**Dataset extract**
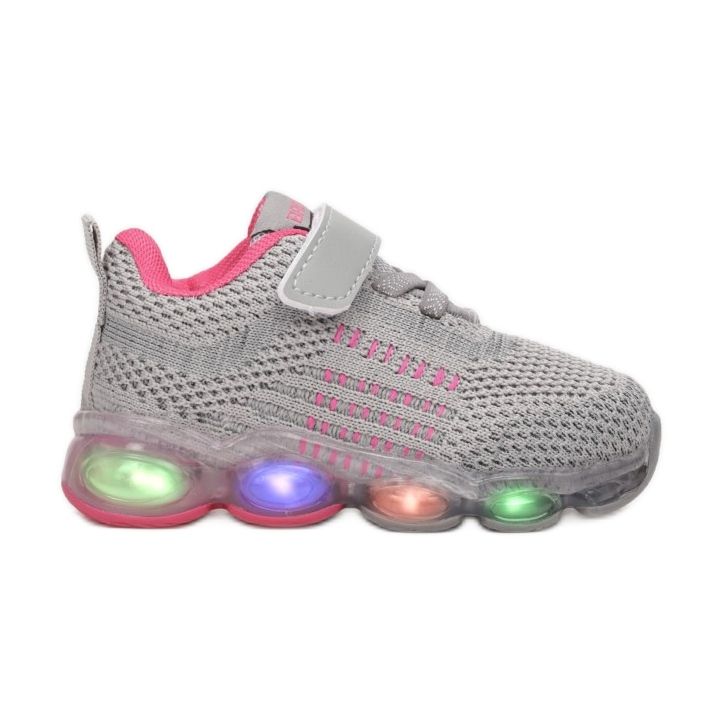 Vices 1XC8078-LED-197-grey/fushia szare
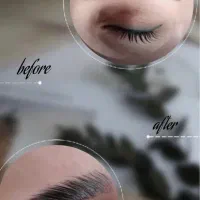 لیفت ابرو، لمینت مژه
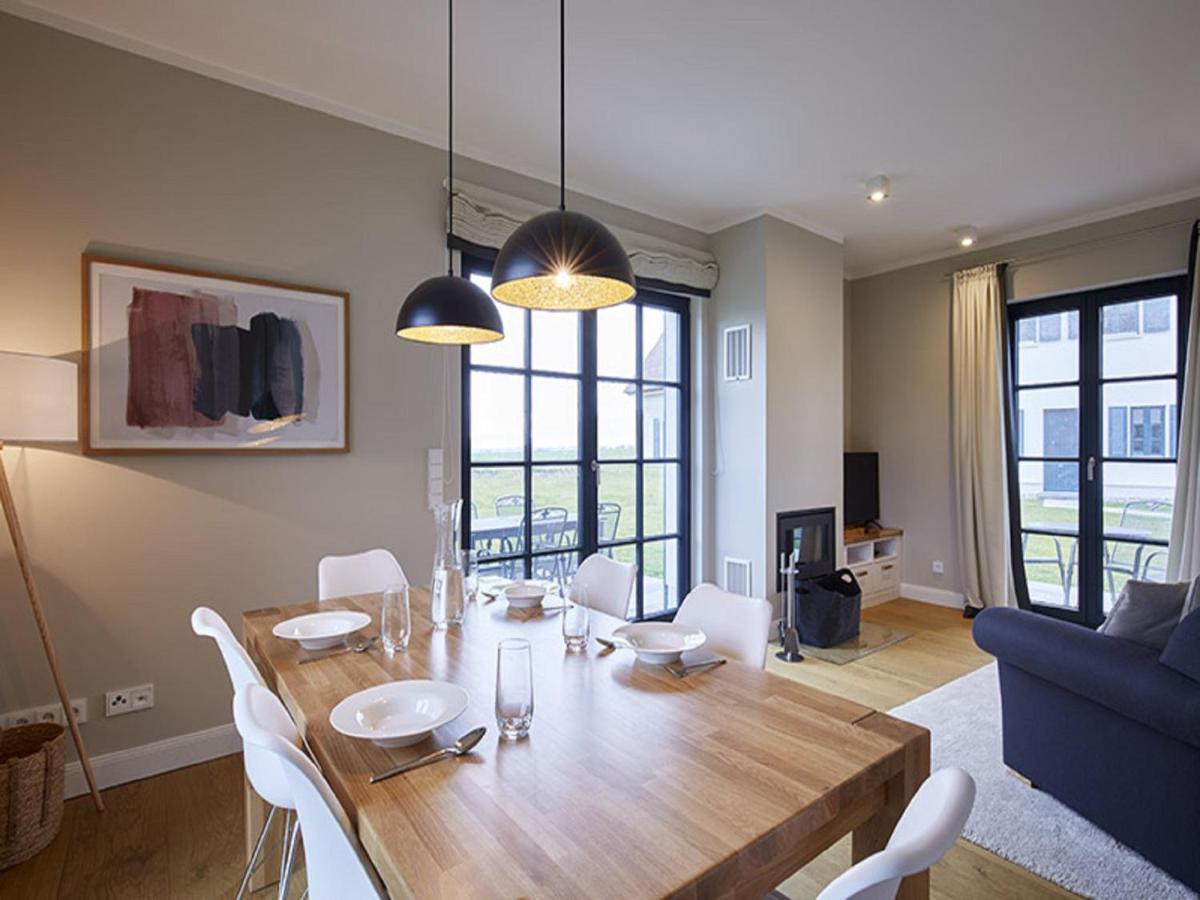 Reetland Am Meer - Premium Reetdachvilla Mit 3 Schlafzimmern, Sauna Und Kamin F14 Dranske Luaran gambar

**What the exercise asks**
Reproduce the data above in full, exactly, with the images removed.

**Task result**
 Vices 1XC8078-LED-197-grey/fushia szare
 لیفت ابرو، لمینت مژه
 Reetland Am Meer - Premium Reetdachvilla Mit 3 Schlafzimmern, Sauna Und Kamin F14 Dranske Luaran gambar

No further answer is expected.